Women walk for ‘freedom of movement’

October 5, 2017

More than a dozen women walk to support each other in Bancroft’s first Take Back the Night. / SARAH SOBANSKI Staff

Bancroft women have taken to the streets to support women’s safety.

Maggie’s Resource Centre and Tamarack Women’s Resource Centre hosted the town’s first Take Back the Night walk the evening of Sept. 26.

Take Back the Night walks started in the mid-to-late 1970s when protestors began taking to the streets to raise awareness about violent crimes against women, said women’s support worker with the Tamarack Leslie Jenkins. Like the Bancroft walk, women who have been victims of violence — domestic or otherwise — walk with women who support them and women who want to raise their voices against the injustice of a girl being less safe if she is alone or unprotected.

“Women are often told to be extra careful and to take precautions when going out at night,” said Maggie’s counsellor Heather Sararas to more than a dozen assembled for the walk. “In some parts of the world, even today, women are not allowed out at night.”

She added, “When women struggle for freedom we must start at the beginning by fighting for freedom of movement which we have not had or do not now have. We must recognize the freedom of movement as a precondition for anything else. It comes before freedom of speech in importance because without it freedom of speech cannot in fact exist.”

In the past, a large support group has travelled from North Hastings to participate in Belleville’s Take Back the Night walk, said Jenkins. This year, the centres decided to host the walk closer to home.

“This year’s event we’re starting off small,” said Jenkins.

The walk was from Millennium Park to Shoppers Drug Mart. It then led back down North Hastings Street to the park. Jenkins noted similar walks had happened and would happen over the month of September in support of women.

“The goal of the march is to have women feel safe in their communities. If they want to walk at night than they should be able to go for a walk, clear their head without fear that they’ll be heckled at, objectified or have to have a man beside them to make them feel safe,” said Jenkins, naming one reason men weren’t allowed to participate in the march. “We want to have our own strength and the ability to walk freely — we shouldn’t have to have someone with us to feel safe and it shouldn’t have to be a man.”

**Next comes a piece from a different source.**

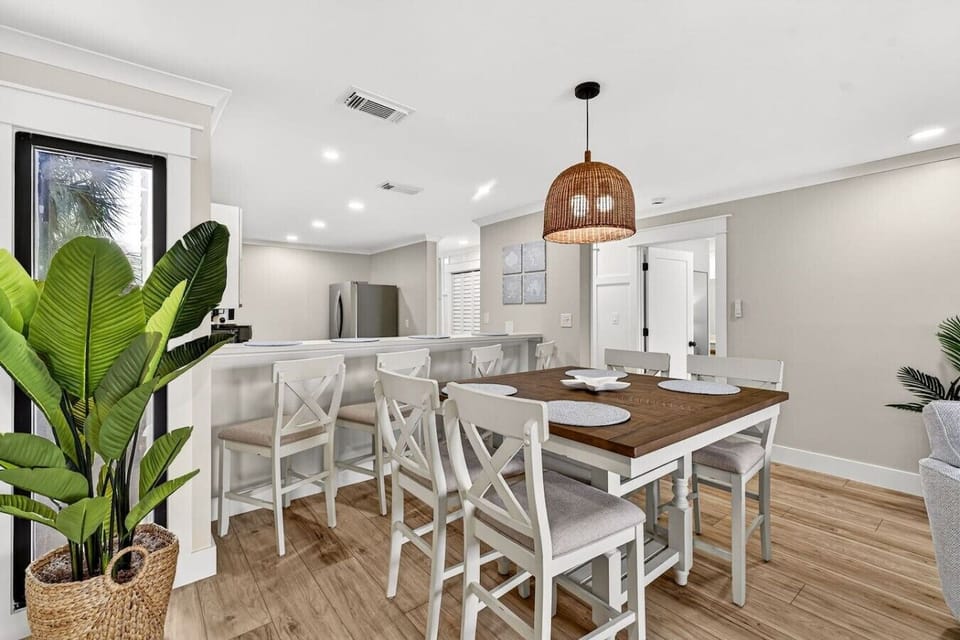 Dining area with seating for the whole group and convenient breakfast bar access.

Many men want to stand up for women, said Jenkins, but that night was about women standing up for themselves and it being safe for them to do so.

The Canadian Women’s Foundation states “half of all women in Canada have experienced at least one incident of physical or sexual violence since the age of 16… On any given night in Canada, 3,491 women and their 2,724 children sleep in shelters because it isn’t safe at home.”

According to the Take Back the Night Foundation, “one in three women worldwide experience some form of sexual violence or intimate partner violence. One in six men experience sexual violence. Less than 50 per cent of victims report these crimes.”